Following its rapid decline in the wild, it was decided in the early 2000s that a secure captive population should be established, which may form the basis for future reintroductions into places where it has disappeared. Early captive breeding attempts were unsuccessful; the only partial success was a few tadpoles hatched at the Bronx Zoo in the United States in the 1970s, but they did not metamorphose into frogs.

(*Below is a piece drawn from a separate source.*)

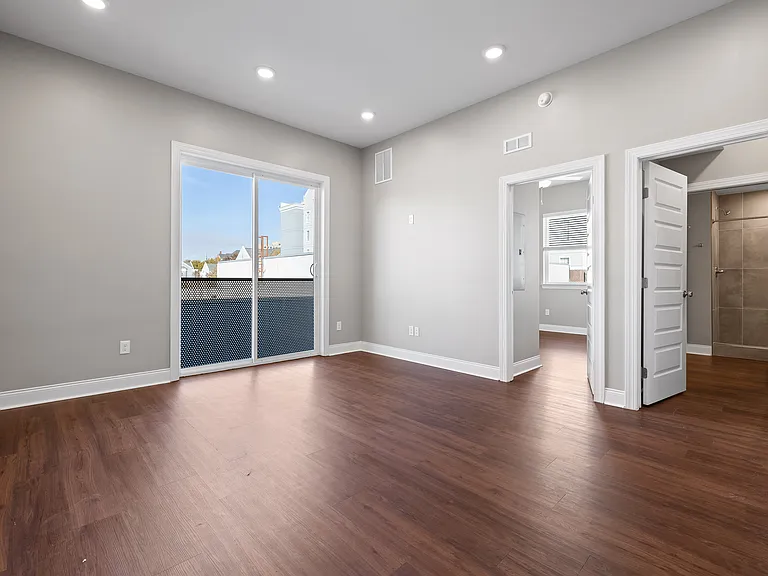 621 E MLK — Photo 9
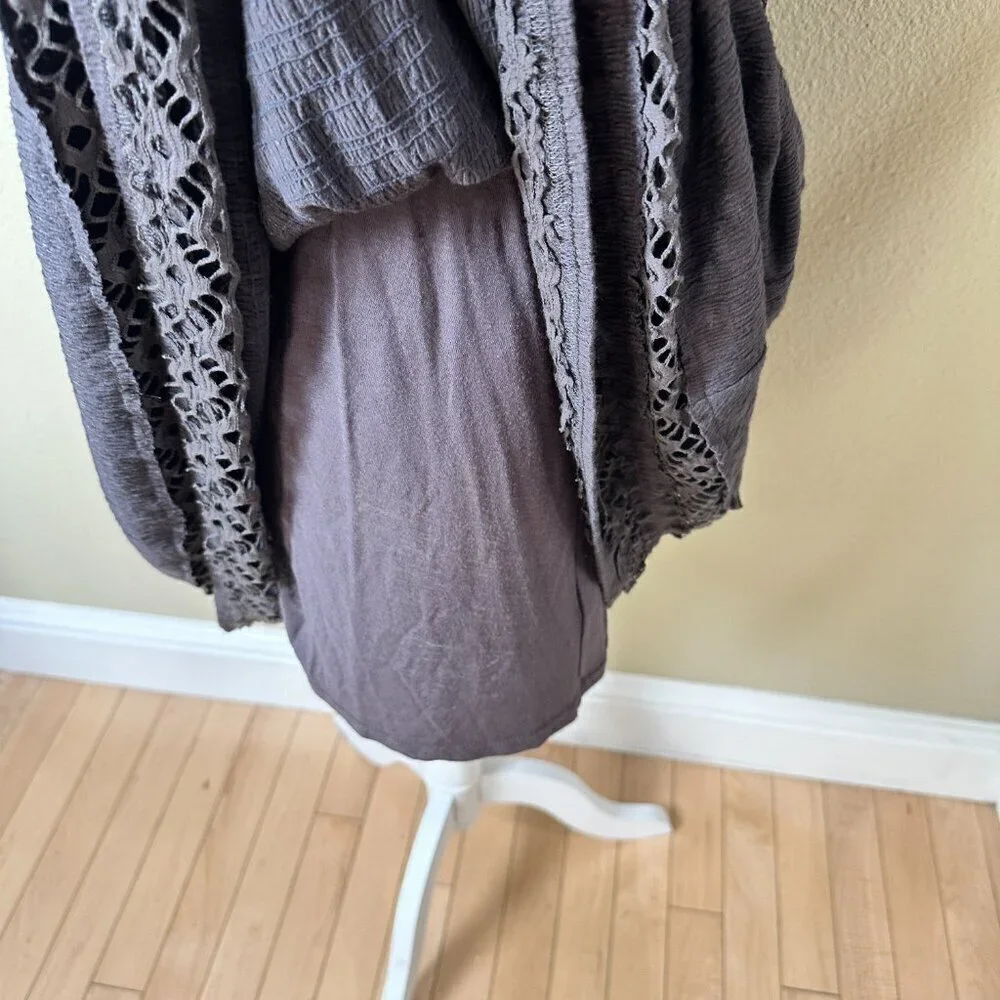 FREE PEOPLE Vintage Lace Cut Out Knit Dress Size Medium / Large Brown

The first fully successful captive breeding was relatively recent: In 2010 it was first bred at Huachipa Zoo in Lima, Peru, and in 2012 it was first bred at Museo de Historia Natural Alcide d'Orbigny in Cochabamba, Bolivia. The breeding center in Bolivia is supported by Berlin Zoo, Germany, and also involves several other threatened Bolivian frogs. As a result of disagreement between the museum that provided space for it and the local biologists running it, it was briefly put on pause in 2018, but has since been continued.

In 2015, the breeding project initiated in Peru was expanded when a group of Titicaca water frogs bred at Huachipa Zoo was sent to Denver Zoo, United States, which already supported the effort at Huachipa Zoo and was involved in the establishment of a laboratory and program working with the frogs at the Cayetano Heredia University in Lima, Peru. The first successful captive breeding outside its native South America happened at the Denver Zoo in 2017–2018 (first tadpoles in 2017, first metamorphosis into young frogs in 2018). In 2019, some offspring from Denver were transferred to other US zoos and some to Chester Zoo in the United Kingdom, which redistributed them among several European zoos in an attempt of establishing another safe population. Among the European institutions, Diergaarde Blijdorp, Münster Zoo, Prague Zoo, Wrocław Zoo and WWT Slimbridge already managed to breed it in the first year.

In early 2019 (prior to the breeding at several European institutions and not counting those at the breeding center in Bolivia), there were about 3,000 Titicaca water frogs at the breeding center in Peru, and 250 in zoos in North America and Europe. Captives have lived for up to 20 years.